> [Activity]: Each line of the data below from the one holding "LIQUID METRONICS B721-92T" to the one holding "Set of 4 Christmas", inclusive, is to be reproduced exactly; no other line belongs in the answer.

----- Data for this exercise -----

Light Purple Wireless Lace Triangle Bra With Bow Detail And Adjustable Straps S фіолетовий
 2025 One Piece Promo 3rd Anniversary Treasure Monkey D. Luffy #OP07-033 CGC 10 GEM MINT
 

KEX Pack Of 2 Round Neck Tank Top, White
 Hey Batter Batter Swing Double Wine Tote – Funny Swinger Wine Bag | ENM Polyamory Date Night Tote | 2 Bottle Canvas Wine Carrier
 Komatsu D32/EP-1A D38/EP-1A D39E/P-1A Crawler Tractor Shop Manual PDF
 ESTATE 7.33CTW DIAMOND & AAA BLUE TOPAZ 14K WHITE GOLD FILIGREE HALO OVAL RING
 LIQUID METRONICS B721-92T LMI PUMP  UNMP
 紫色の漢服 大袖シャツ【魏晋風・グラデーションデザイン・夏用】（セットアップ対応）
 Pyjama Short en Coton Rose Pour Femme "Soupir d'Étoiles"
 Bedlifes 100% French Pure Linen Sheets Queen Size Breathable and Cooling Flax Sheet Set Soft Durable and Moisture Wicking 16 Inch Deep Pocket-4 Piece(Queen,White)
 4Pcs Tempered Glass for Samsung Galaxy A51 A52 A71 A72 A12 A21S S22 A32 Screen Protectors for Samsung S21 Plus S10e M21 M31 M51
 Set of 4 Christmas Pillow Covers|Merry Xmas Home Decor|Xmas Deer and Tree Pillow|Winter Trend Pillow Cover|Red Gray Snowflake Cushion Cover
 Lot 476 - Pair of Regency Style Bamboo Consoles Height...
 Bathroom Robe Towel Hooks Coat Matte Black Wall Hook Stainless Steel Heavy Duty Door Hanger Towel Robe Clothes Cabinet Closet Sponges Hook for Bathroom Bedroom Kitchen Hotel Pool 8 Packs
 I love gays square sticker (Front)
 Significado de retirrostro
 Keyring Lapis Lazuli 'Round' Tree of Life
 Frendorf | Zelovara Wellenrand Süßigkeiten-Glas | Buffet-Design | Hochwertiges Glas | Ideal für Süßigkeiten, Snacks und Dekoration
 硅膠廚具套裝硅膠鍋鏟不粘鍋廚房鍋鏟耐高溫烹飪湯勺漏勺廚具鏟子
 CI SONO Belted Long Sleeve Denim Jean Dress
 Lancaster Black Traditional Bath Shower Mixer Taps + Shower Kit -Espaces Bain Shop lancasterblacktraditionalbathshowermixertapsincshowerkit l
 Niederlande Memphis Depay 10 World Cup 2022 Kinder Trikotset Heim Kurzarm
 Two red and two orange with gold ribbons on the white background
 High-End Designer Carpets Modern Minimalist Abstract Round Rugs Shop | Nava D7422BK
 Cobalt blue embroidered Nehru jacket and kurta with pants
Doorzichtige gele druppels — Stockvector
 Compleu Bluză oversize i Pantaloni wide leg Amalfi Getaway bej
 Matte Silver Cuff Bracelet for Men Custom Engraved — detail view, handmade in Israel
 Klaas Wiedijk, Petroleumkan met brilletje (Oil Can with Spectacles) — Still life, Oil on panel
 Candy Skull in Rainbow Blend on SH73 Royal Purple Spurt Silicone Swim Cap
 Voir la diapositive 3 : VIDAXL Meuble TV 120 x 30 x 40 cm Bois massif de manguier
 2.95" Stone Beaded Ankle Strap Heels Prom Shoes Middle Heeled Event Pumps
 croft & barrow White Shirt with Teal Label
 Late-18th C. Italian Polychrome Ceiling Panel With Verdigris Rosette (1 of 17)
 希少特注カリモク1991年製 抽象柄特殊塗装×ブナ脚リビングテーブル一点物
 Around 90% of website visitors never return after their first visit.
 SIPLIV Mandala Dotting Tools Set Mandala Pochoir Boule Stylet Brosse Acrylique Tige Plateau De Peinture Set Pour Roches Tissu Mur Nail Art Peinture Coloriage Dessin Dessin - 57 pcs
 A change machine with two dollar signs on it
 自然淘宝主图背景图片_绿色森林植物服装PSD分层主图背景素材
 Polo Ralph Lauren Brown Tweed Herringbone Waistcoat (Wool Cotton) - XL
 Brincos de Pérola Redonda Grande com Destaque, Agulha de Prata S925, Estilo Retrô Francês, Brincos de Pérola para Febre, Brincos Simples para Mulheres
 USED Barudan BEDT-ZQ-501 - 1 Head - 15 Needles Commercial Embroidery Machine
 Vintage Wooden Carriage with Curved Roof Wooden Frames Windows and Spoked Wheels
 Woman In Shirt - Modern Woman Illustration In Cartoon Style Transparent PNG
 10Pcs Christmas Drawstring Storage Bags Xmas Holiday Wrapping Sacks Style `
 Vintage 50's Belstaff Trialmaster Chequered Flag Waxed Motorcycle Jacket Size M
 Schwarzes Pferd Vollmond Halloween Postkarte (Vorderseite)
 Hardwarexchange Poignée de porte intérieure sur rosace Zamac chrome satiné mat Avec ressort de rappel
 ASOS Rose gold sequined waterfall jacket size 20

-----

> [Task answer]:
 LIQUID METRONICS B721-92T LMI PUMP  UNMP
 紫色の漢服 大袖シャツ【魏晋風・グラデーションデザイン・夏用】（セットアップ対応）
 Pyjama Short en Coton Rose Pour Femme "Soupir d'Étoiles"
 Bedlifes 100% French Pure Linen Sheets Queen Size Breathable and Cooling Flax Sheet Set Soft Durable and Moisture Wicking 16 Inch Deep Pocket-4 Piece(Queen,White)
 4Pcs Tempered Glass for Samsung Galaxy A51 A52 A71 A72 A12 A21S S22 A32 Screen Protectors for Samsung S21 Plus S10e M21 M31 M51
 Set of 4 Christmas Pillow Covers|Merry Xmas Home Decor|Xmas Deer and Tree Pillow|Winter Trend Pillow Cover|Red Gray Snowflake Cushion Cover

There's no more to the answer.